"Assim Falou Bábel".
“Lembra-se daquela noite, Vassili? Para além da janela, os cavalos relinchavam, e os cossacos gritavam. A selvageria da guerra abria as mandíbulas além da janela, e o Rabino Motale Bratslavsky orava junto à parede leste, afundando os dedos amaciados em seu talete. Quando se descerrou a cortina da Arca, vimos, à luz funérea das velas, os rolos da Tora, em capas de veludo púrpura e seda azul. Curvado sobre a Tora, inanimado, resignado, o belo rosto de Elias, o filho do rabino, último dos príncipes da dinastia”.

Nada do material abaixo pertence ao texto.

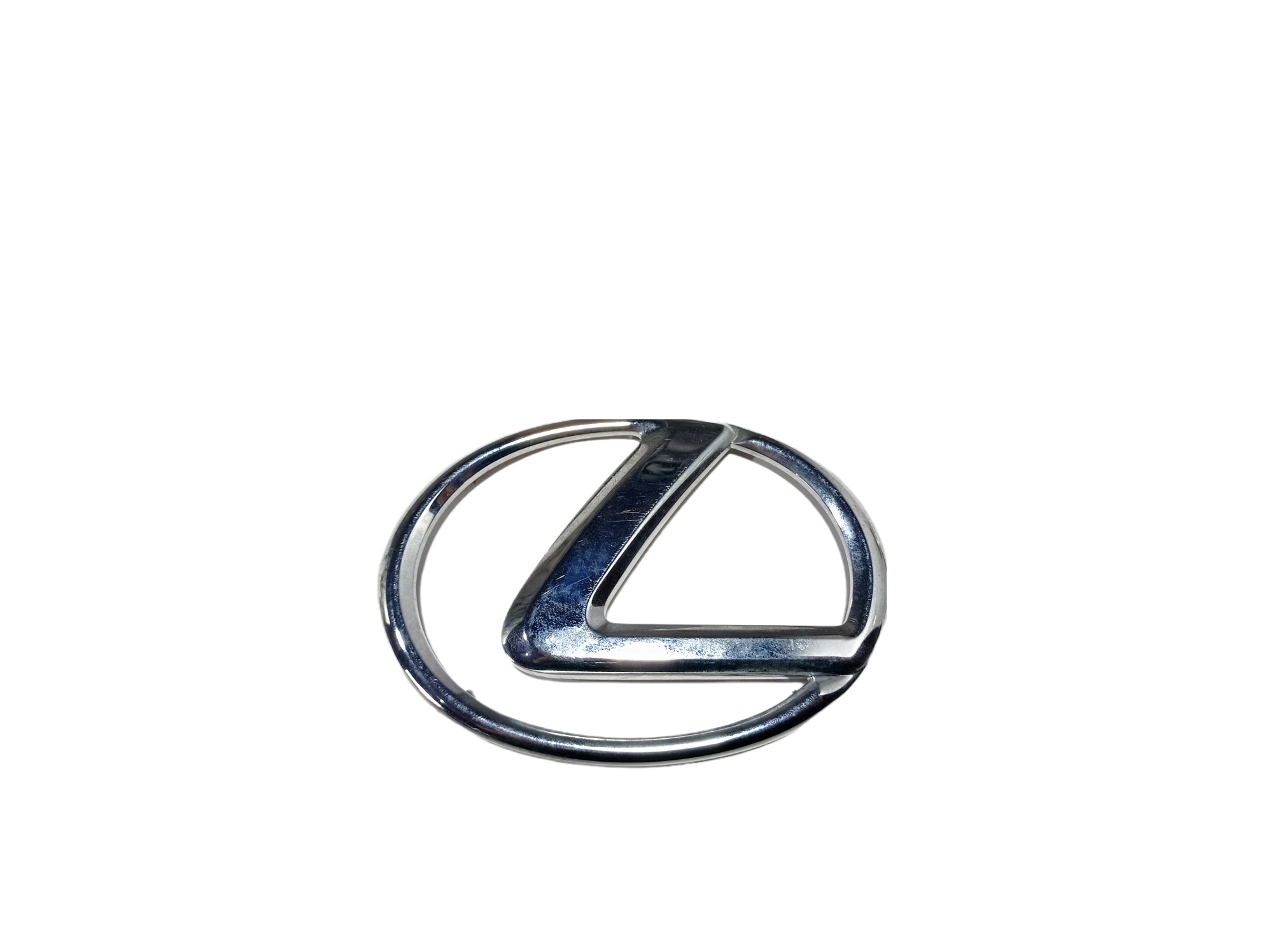 Emblema Letreiro Lexus Is 250 F Sport 2015 V434 Prata 4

Assim, Bábel, nos apresenta o jovem Elias, quando de seu primeiro encontro. E enquanto percorria a Rússia, de trem, esta monstruosa e inconcebível Rússia, que – utilizando de suas palavras – pisoteava com sapatos de líber aos desgraçados da guerra, que como uma multidão de percevejos, assolados pelo tifo e carregando o costumeiro peso da morte, se amontoavam dos dois lados da linha férrea, mendigando migalhas dos soldados. Pois, dentre estes, Babel logo reconhece Elias, o filho do rabino.

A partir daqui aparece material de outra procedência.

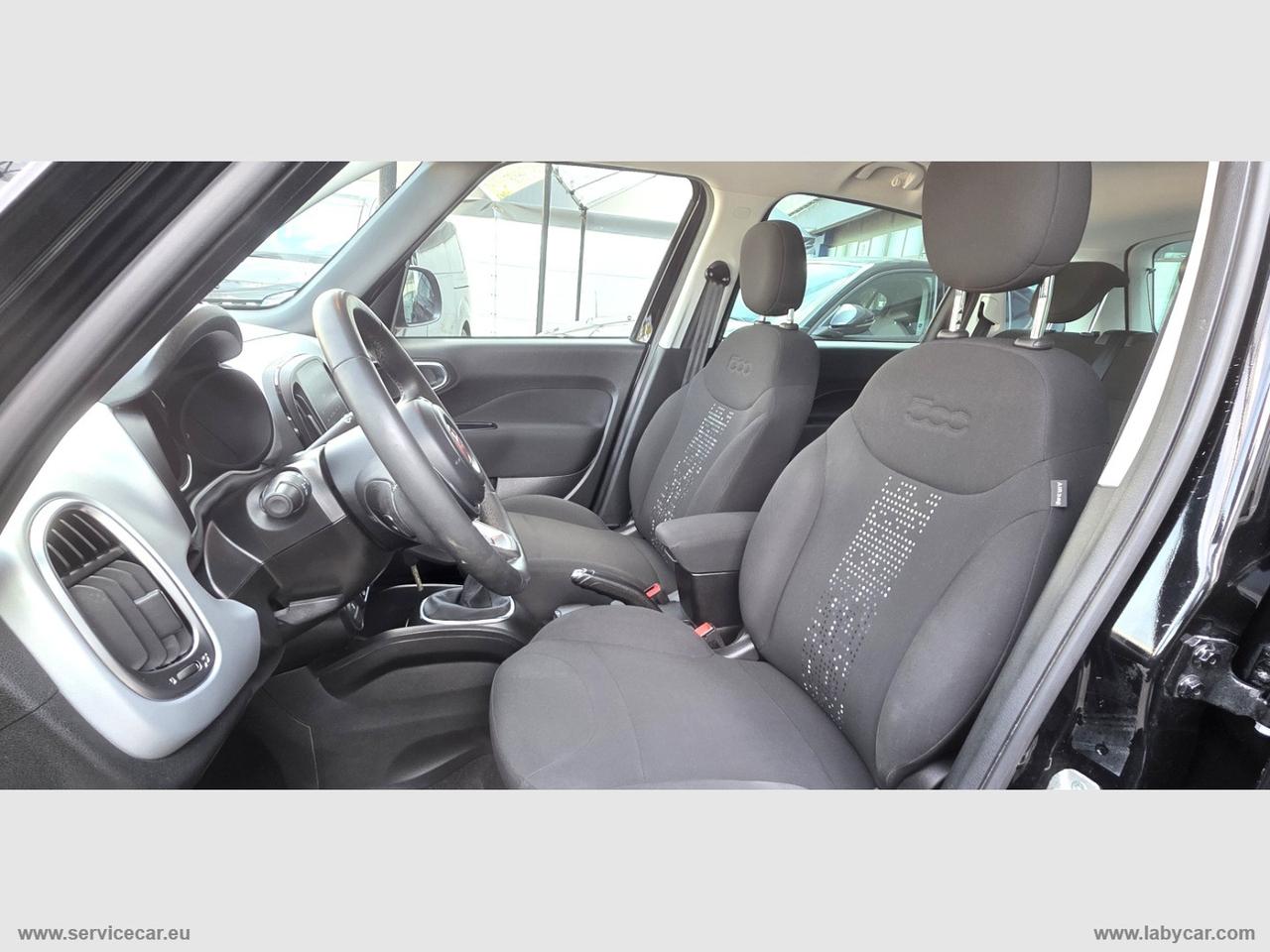 FIAT 500L 1.4 95 CV S&S Connect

Com o coração cortado, e contra todos os regulamentos, fez Elias subir ao carro do trem. Depois de bater com os fracos joelhos, como as de uma velha, ajudado por duas datilógrafas de busto saliente, Elias deixa arrastar pelo chão seu humilhado corpo de homem agonizante e derrotado. Estava vestido com farrapos, com as partes púbicas a mostra. Era observado bobamente pelas duas moças – que também já não serviam mais para nada – e que não paravam de olhar com curiosidade para os órgãos sexuais de Elias, sua virilidade mirrada, os pelos encaracolados e sujos, de um semita destruído.
A tudo isso Babel olhava desconsolado, arrumando os poucos pertences do pobre soldado da monstruosa e inconcebível Rússia. Um melancólico sereno da tarde lavava a poeira dos cabelos de Babel, que perguntou ao jovem miserável que agonizava: – Numa sexta-feira, há quatro meses, Gedali, o velho negociante de roupas, levou-me a casa de seu pai. Mas você, não pertencia ao partido...
– Sim, pertencia ao partido... – respondeu o rapaz, arfando o peito, tremendo de febre. – Mas não podia deixar minha mãe.
– Mas agora, Elias?
– Quando há uma revolução [diga-se, uma guerra], uma mãe é um episódio apenas – ele murmurou, com voz cada vez menos audível. – Chegou-se a letra de meu nome, e a Organização me mandou ao front....
Pouco depois, Elias veio a falecer. O último dos príncipes, sepultado em uma estação qualquer, esquecido.
É assim que Babel nos transmite a triste certeza, de que, na guerra, não há vencedores; e a única glória, a única recompensa e consolo, é morrer – desgraçadamente – como herói.